▸ Requirement
Please give again every entry exactly as it appears, setting aside the pictures.

▸ Records shown
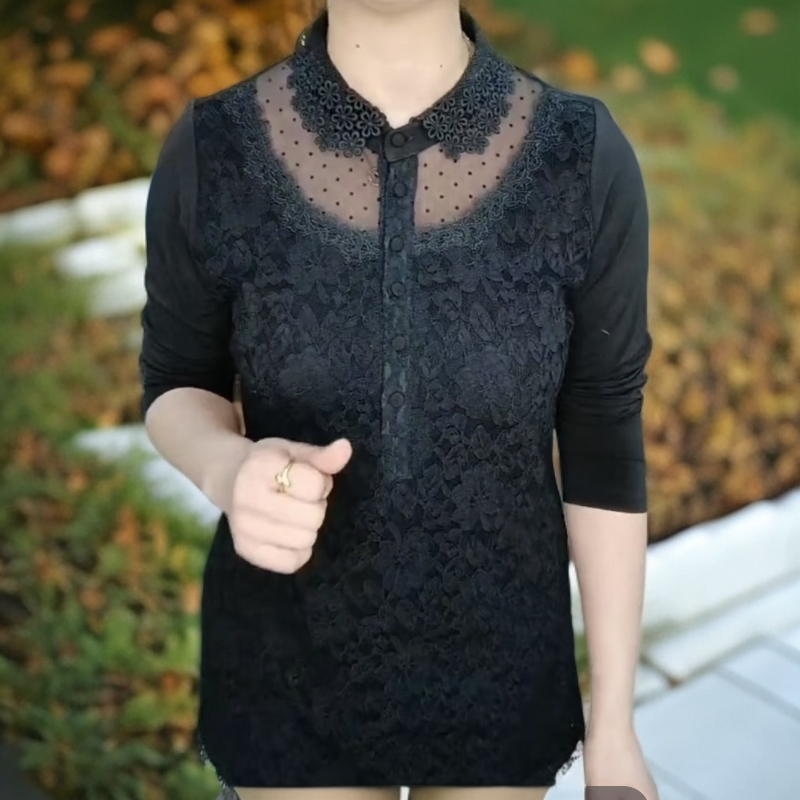 春秋  新款   时尚   棉加丝   亲肤   翻领   蕾丝  女装  小衫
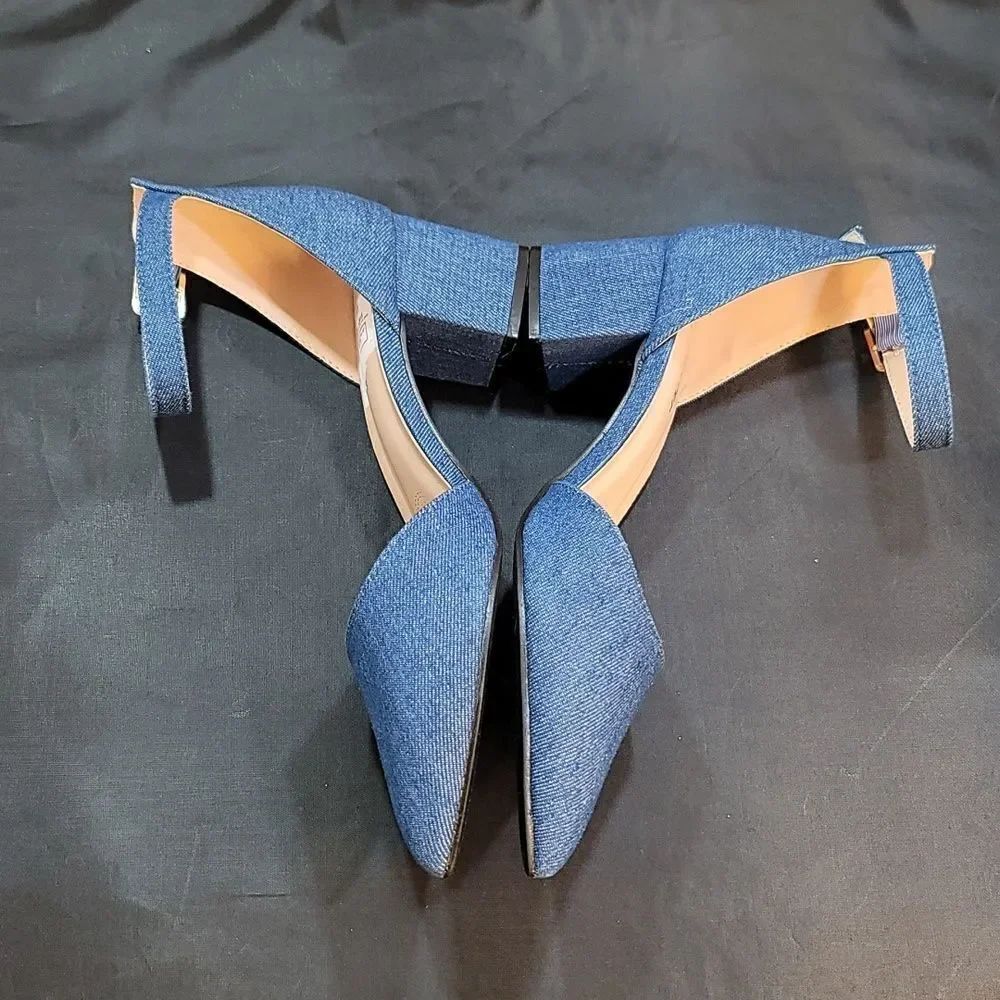 BRAND NEW WOMEN'S POINTED TOE ANKLE STRAP BUCKLE CHUNKY BLOCK HEEL SANDAL - Picture 11 of 15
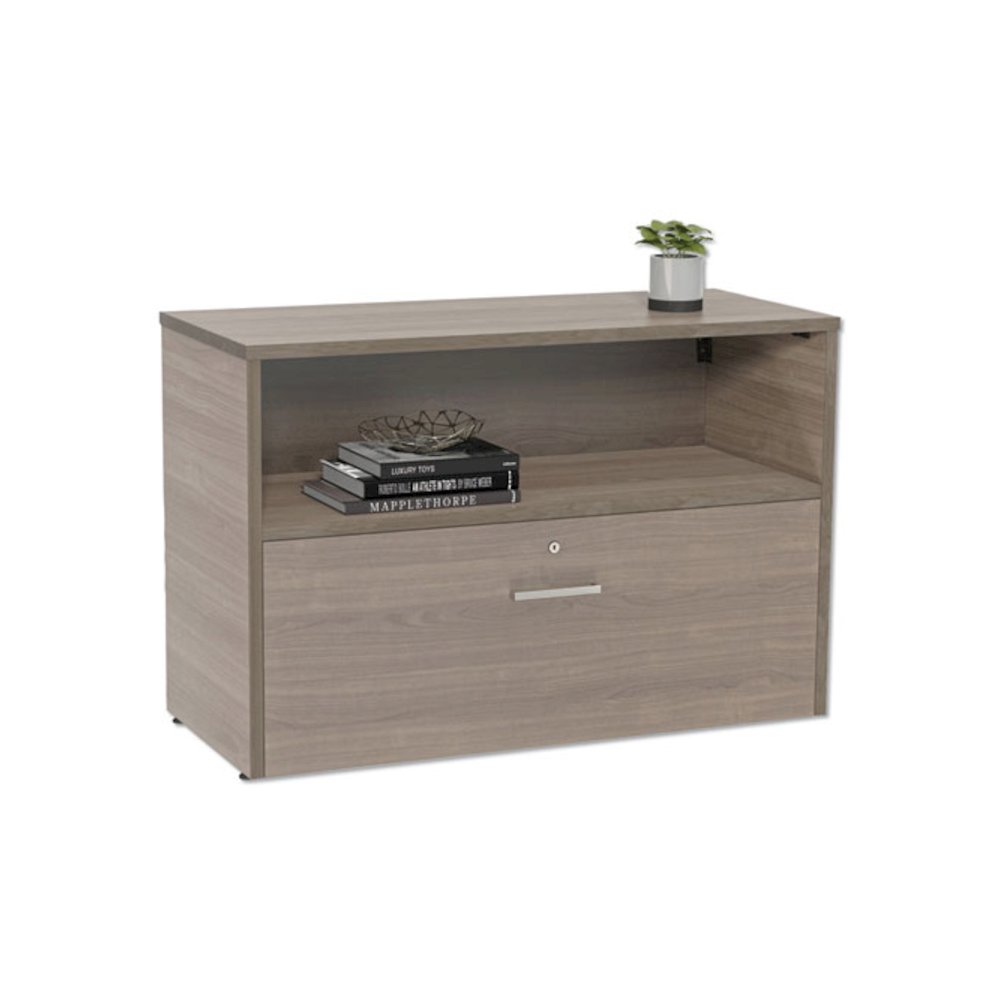 Urban Series Cabinet Credenza Pedestal with Lateral File, 35.25w x 15.25d x 23.75h, Natural Walnut. Picture 1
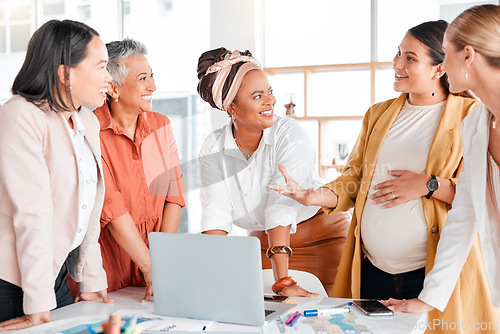 Image of Pregnant, business women brainstorming in meeting for company growth, research or strategy review in office. Happy, teamwork or startup employee smile for SEO idea, KPI schedule or planning calendar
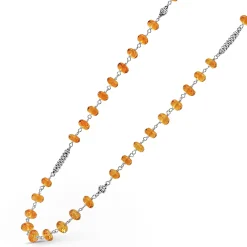 Gemstones<LAGOS Long Citrine Beaded Necklace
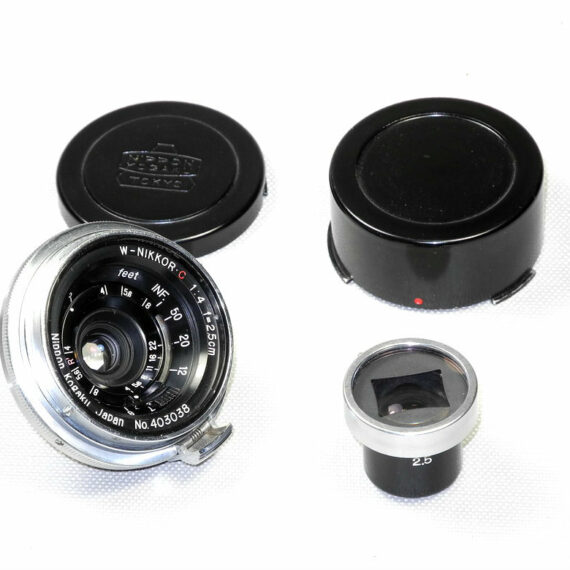 Nikon 2,5cm f4 W-Nikkor-C with Nikkor 2,5cm viewfinder with original case & caps Mint- / SOLD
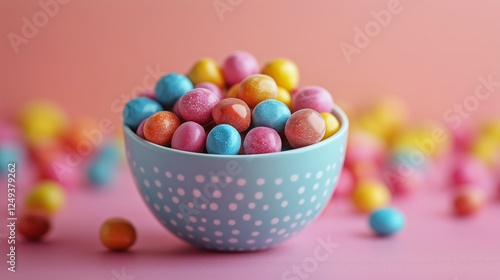 Colorful chocolate candy in a dotted bowl on pink background with scattered t...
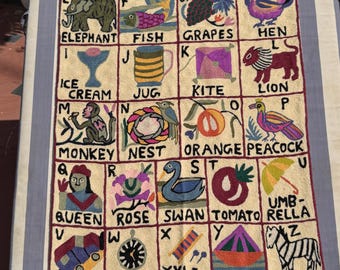 Handmade Alphabet Tapestry for Babies and kids: Embroidered ABC Wall Hanging Nursery Decor
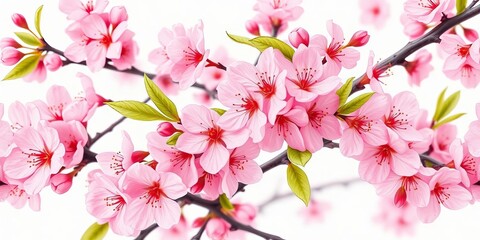 Delicate pink cherry blossoms in a rustic vintage watercolor seamless pattern , repeat, watercolor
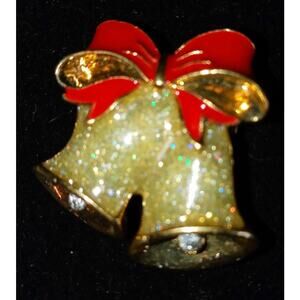 Avon Christmas Bells Gold Tone Red Ribbon Vintage Brooch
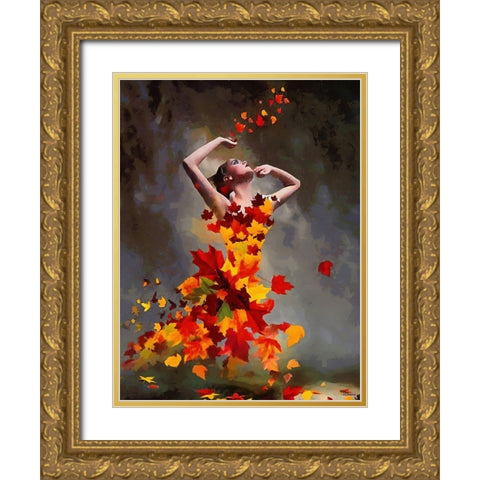 Girl made from Leaves Gold Ornate Wood Framed Art Print with Double Matting by Medeiros, Celito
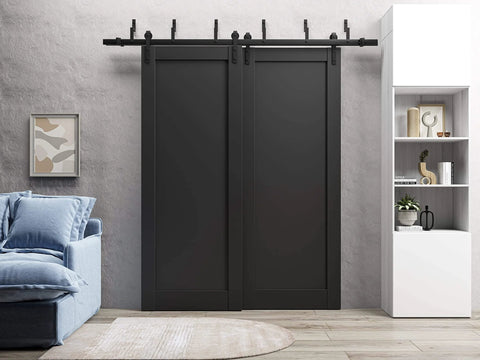Lite Slab Barn Door Panel 42 X 96 Inches Matte Black With Solid Pine And Eco Veneer Finish in living room setting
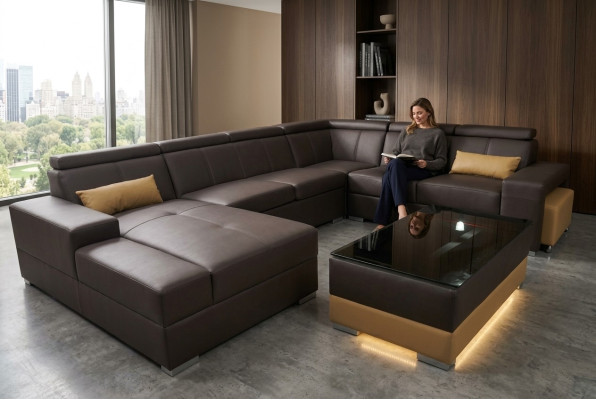 Hoek lederen moderne XXL bank woonlandschap leren bank U-vormige bank C4010 tafel nieuw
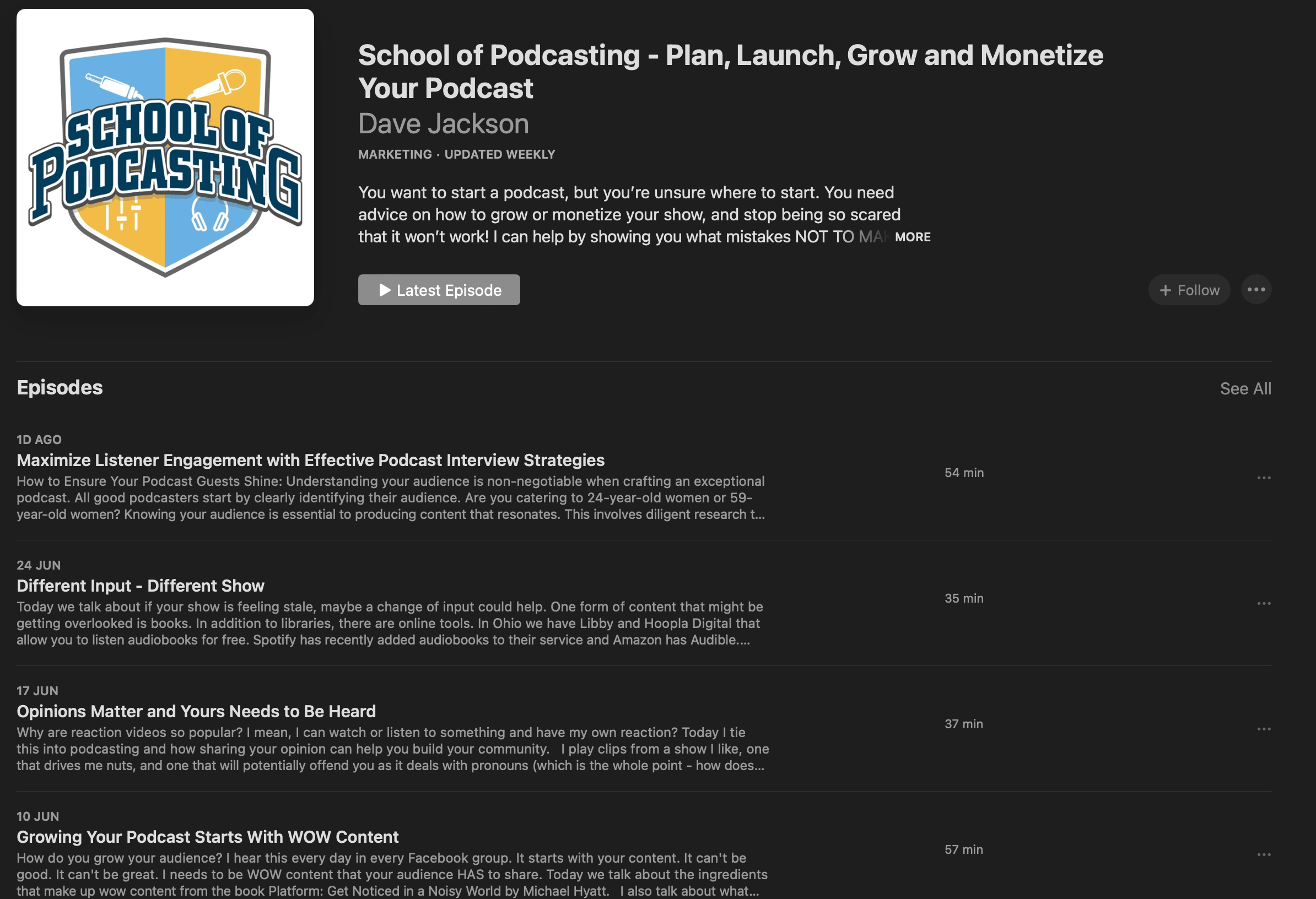 Screenshot of School of podcasting and their episodes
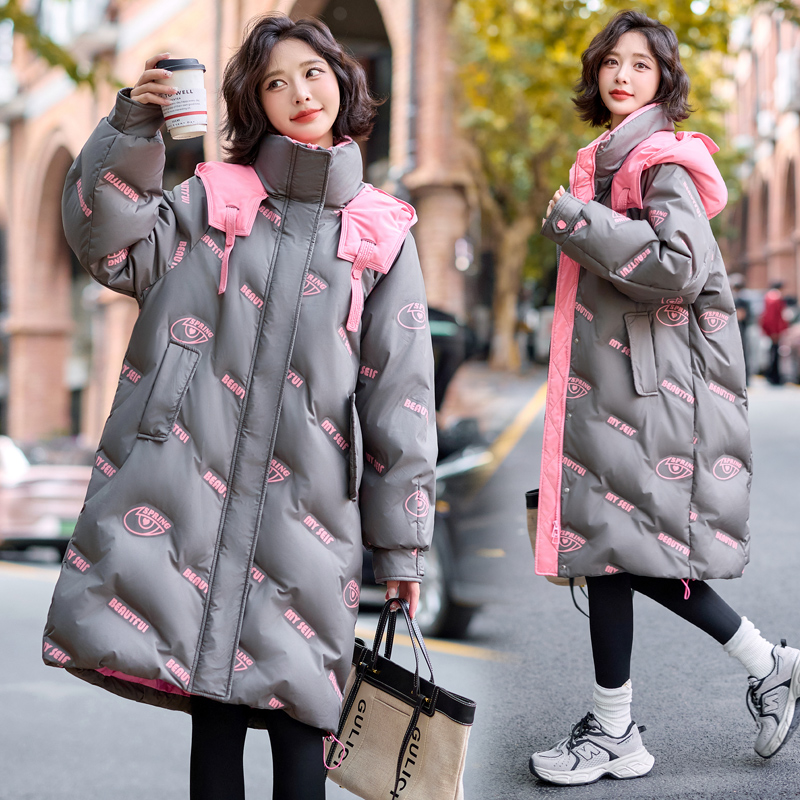Long winter printing down coat hooded thick coat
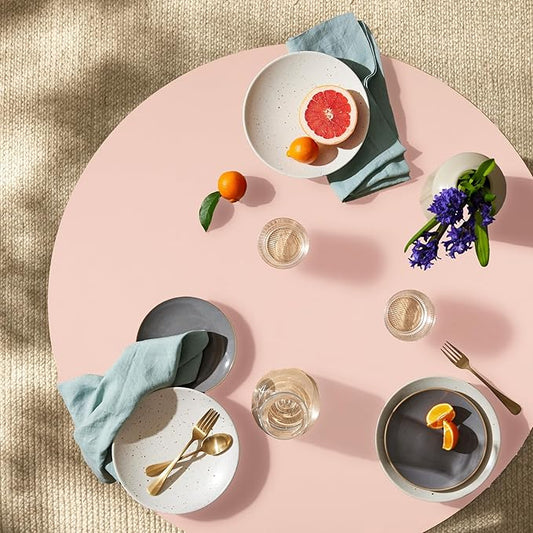 Best Choice Products Round 35.5in Dining Table for 4 w/Sturdy Wood Finish Steel Legs, Mid Century Modern, Space-Saving, Small Space Circle Dinette for Home, Kitchen, Apartment - Pink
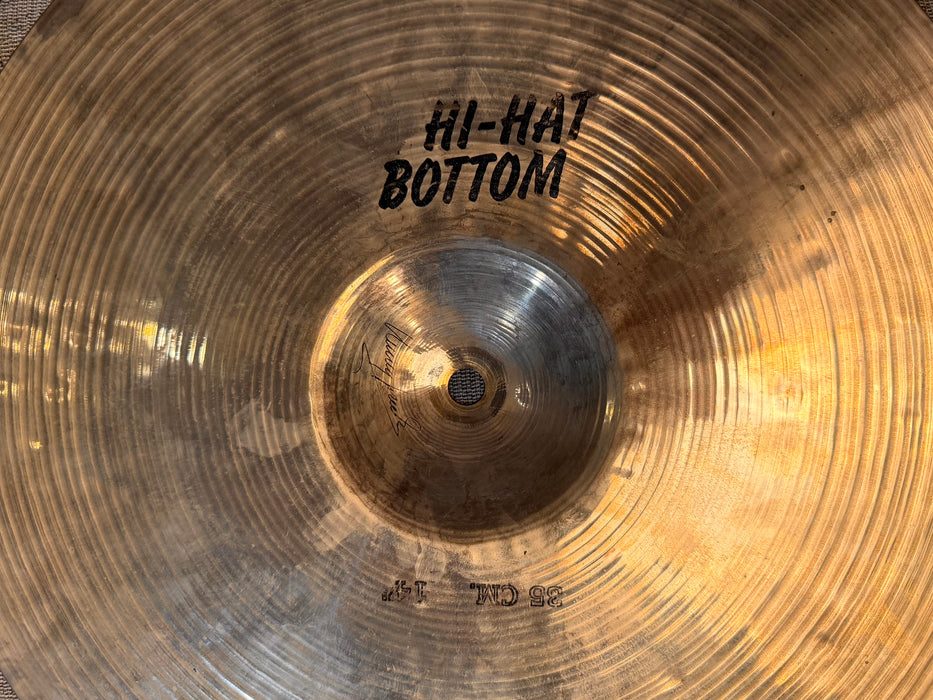 RARE Early Sabian HH HAND HAMMERED Hihats 14” 970 1270 g CANADIAN K Vibe! BRILLIANT ULTRA DARK CRISP!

▸ Exercise result
 春秋  新款   时尚   棉加丝   亲肤   翻领   蕾丝  女装  小衫
 BRAND NEW WOMEN'S POINTED TOE ANKLE STRAP BUCKLE CHUNKY BLOCK HEEL SANDAL - Picture 11 of 15
 Urban Series Cabinet Credenza Pedestal with Lateral File, 35.25w x 15.25d x 23.75h, Natural Walnut. Picture 1
 Image of Pregnant, business women brainstorming in meeting for company growth, research or strategy review in office. Happy, teamwork or startup employee smile for SEO idea, KPI schedule or planning calendar
 Gemstones<LAGOS Long Citrine Beaded Necklace
 Nikon 2,5cm f4 W-Nikkor-C with Nikkor 2,5cm viewfinder with original case & caps Mint- / SOLD
 Colorful chocolate candy in a dotted bowl on pink background with scattered t...
 Handmade Alphabet Tapestry for Babies and kids: Embroidered ABC Wall Hanging Nursery Decor
 Delicate pink cherry blossoms in a rustic vintage watercolor seamless pattern , repeat, watercolor
 Avon Christmas Bells Gold Tone Red Ribbon Vintage Brooch
 Girl made from Leaves Gold Ornate Wood Framed Art Print with Double Matting by Medeiros, Celito
Lite Slab Barn Door Panel 42 X 96 Inches Matte Black With Solid Pine And Eco Veneer Finish in living room setting
 Hoek lederen moderne XXL bank woonlandschap leren bank U-vormige bank C4010 tafel nieuw
 Screenshot of School of podcasting and their episodes
Long winter printing down coat hooded thick coat
 Best Choice Products Round 35.5in Dining Table for 4 w/Sturdy Wood Finish Steel Legs, Mid Century Modern, Space-Saving, Small Space Circle Dinette for Home, Kitchen, Apartment - Pink
 RARE Early Sabian HH HAND HAMMERED Hihats 14” 970 1270 g CANADIAN K Vibe! BRILLIANT ULTRA DARK CRISP!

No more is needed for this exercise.